• [About this exercise]: If a record holds a picture, leave the picture out and print everything else exactly.

• [Given records]:

####

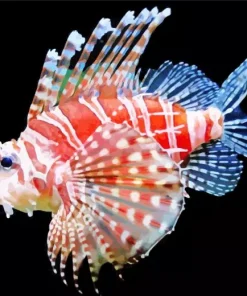 Zebra Lionfish Diamond Painting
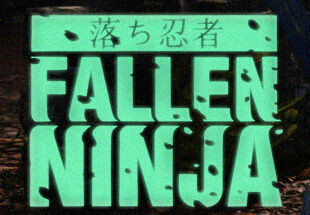 Fallen Ninja Steam CD Key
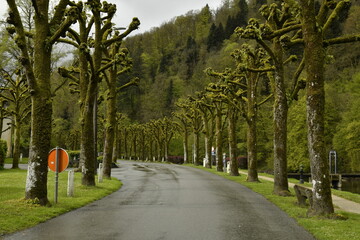 La route entre les arbres taillés en pleine nature bucolique à Bouillon 
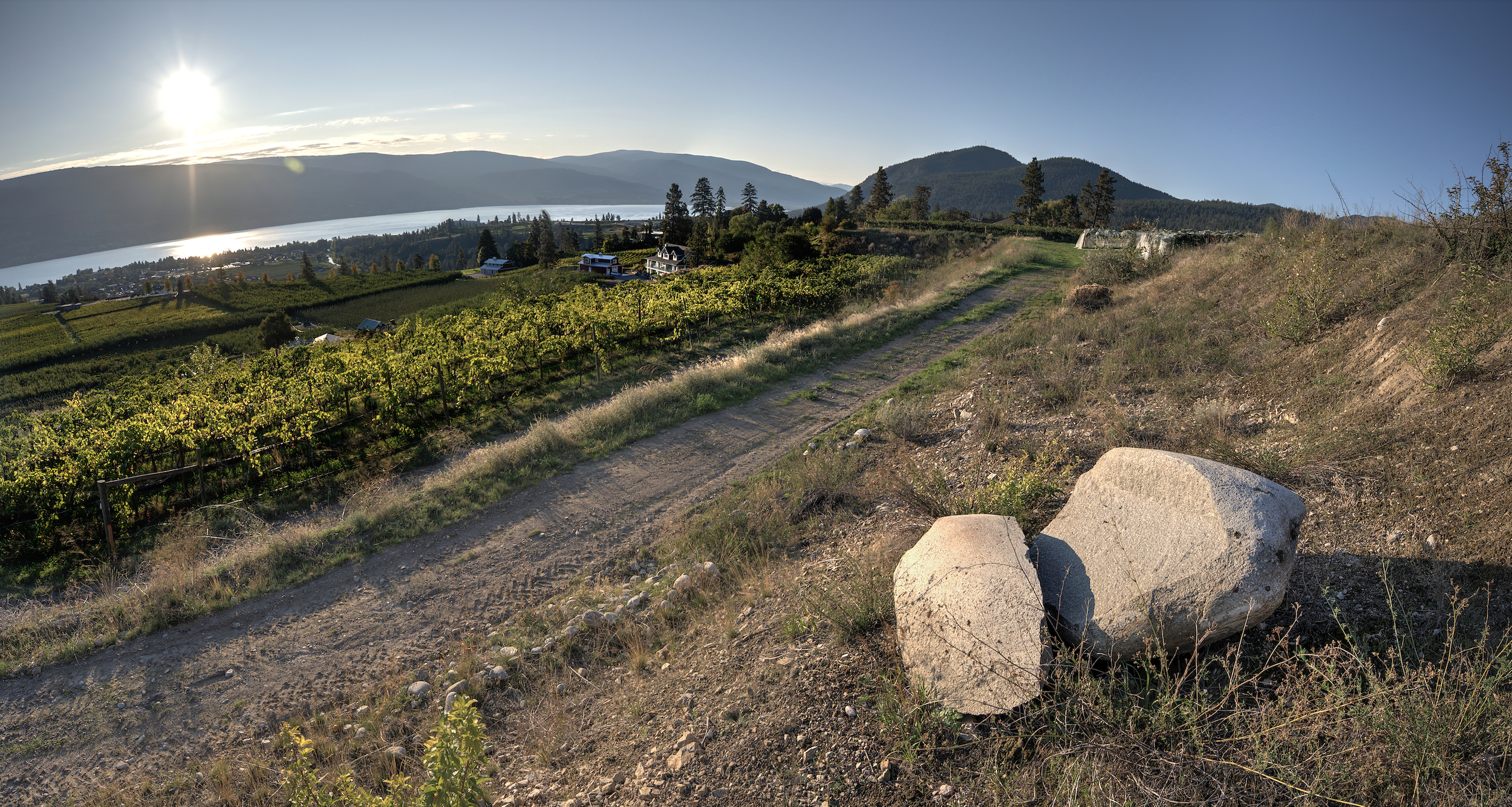 Sunset over a vineyard with a dirt path, overlooking a lake and mountains with houses and trees.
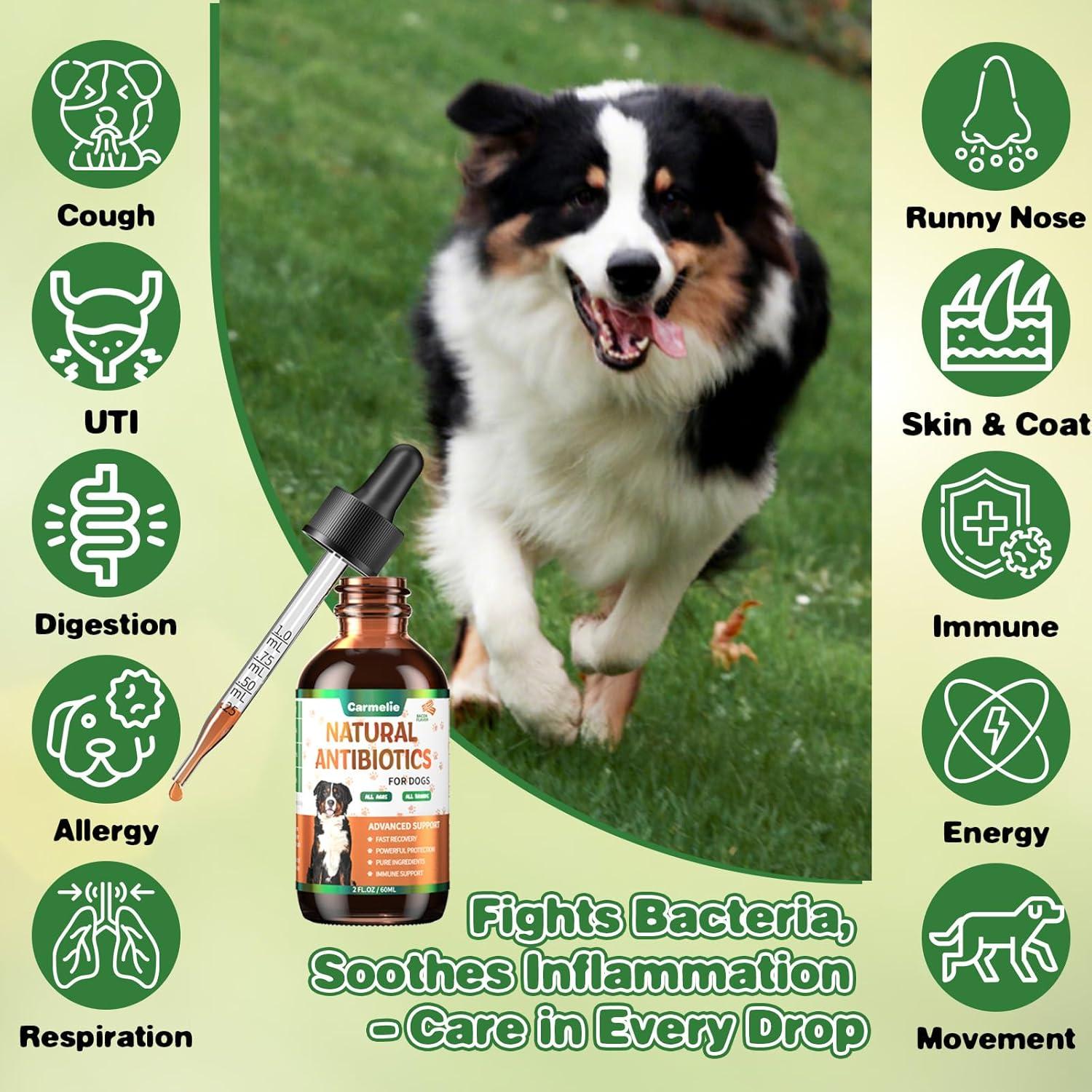 Antibióticos Naturales para Perros Carmelie 60 ml - Salud Piel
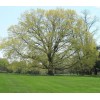Tree Silver Maple Tree - 12-18" Tall - Live Plant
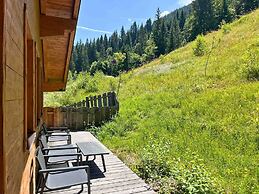 Chalet Dorf Wagrain Alpenleben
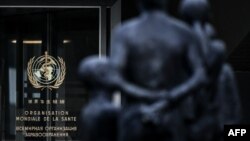 Pintu masuk kantor pusat Organisasi Kesehatan Dunia (WHO) di Jenewa, 17 Agustus 2020. (Foto: dok).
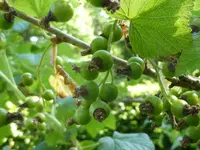 P1050672Schwarze Johannisbeere Lissil.webp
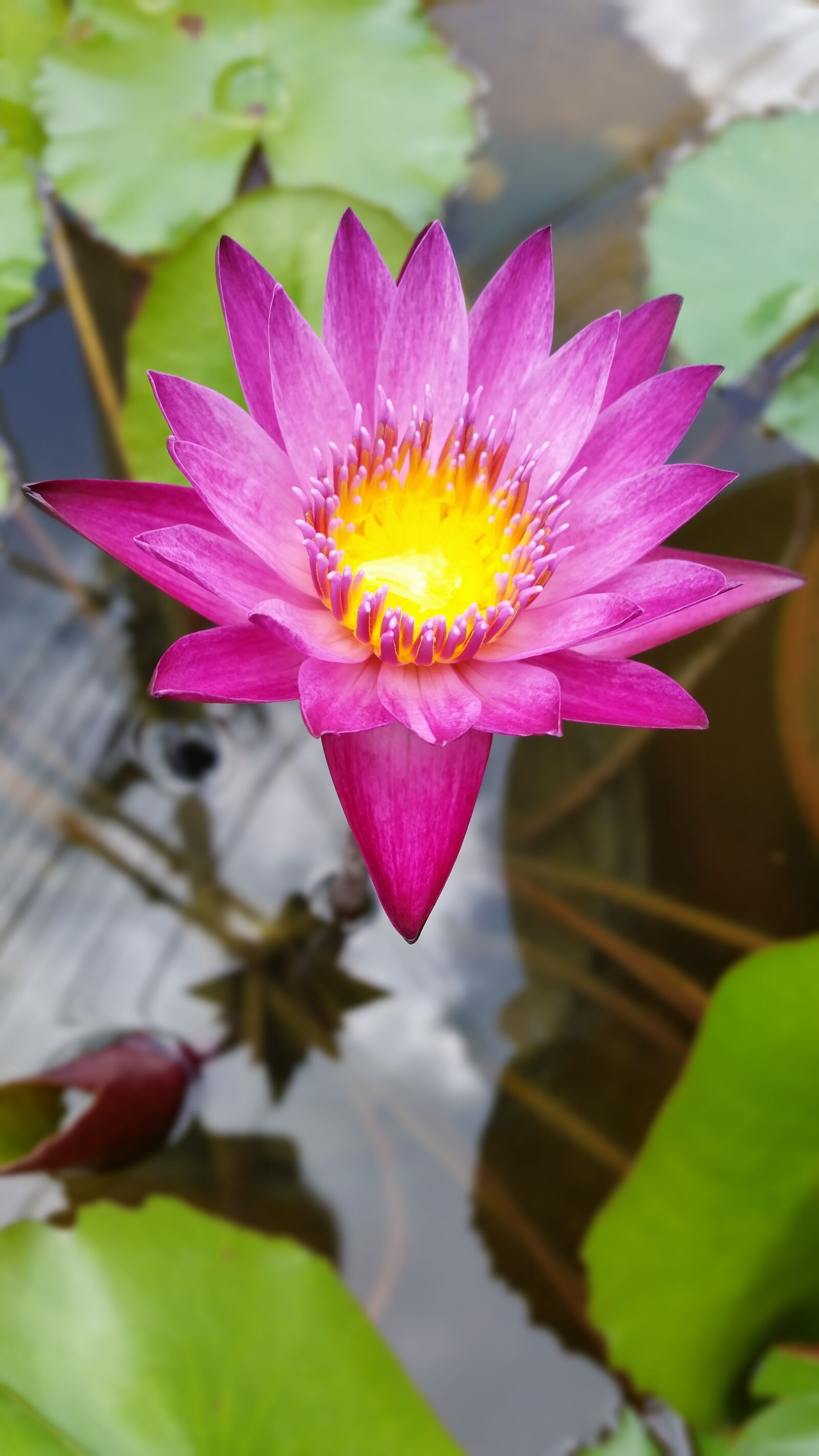 Samsung Galaxy S5 sample photo. Lotus, flower, pink photography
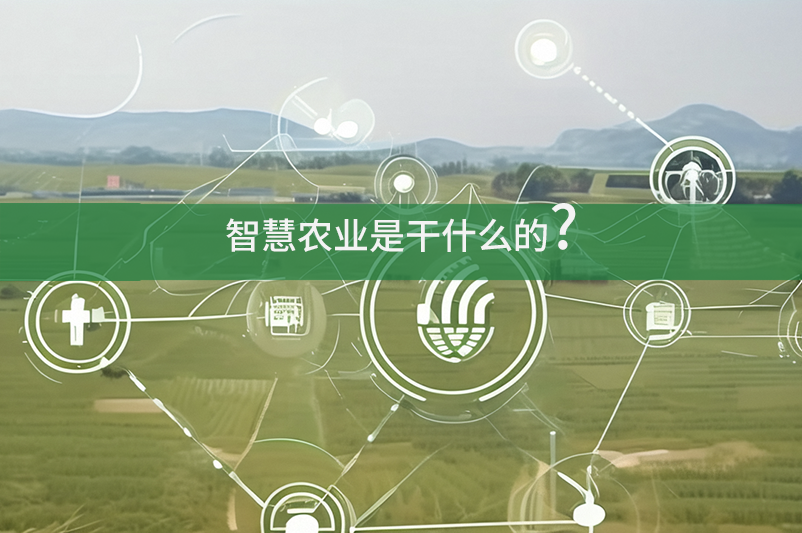 智慧農業是干什么的?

####

• [Exercise response]:
 Zebra Lionfish Diamond Painting
 Fallen Ninja Steam CD Key
 La route entre les arbres taillés en pleine nature bucolique à Bouillon 
 Sunset over a vineyard with a dirt path, overlooking a lake and mountains with houses and trees.
 Antibióticos Naturales para Perros Carmelie 60 ml - Salud Piel
Tree Silver Maple Tree - 12-18" Tall - Live Plant
 Chalet Dorf Wagrain Alpenleben
 Pintu masuk kantor pusat Organisasi Kesehatan Dunia (WHO) di Jenewa, 17 Agustus 2020. (Foto: dok).
 P1050672Schwarze Johannisbeere Lissil.webp
 Samsung Galaxy S5 sample photo. Lotus, flower, pink photography
 智慧農業是干什么的?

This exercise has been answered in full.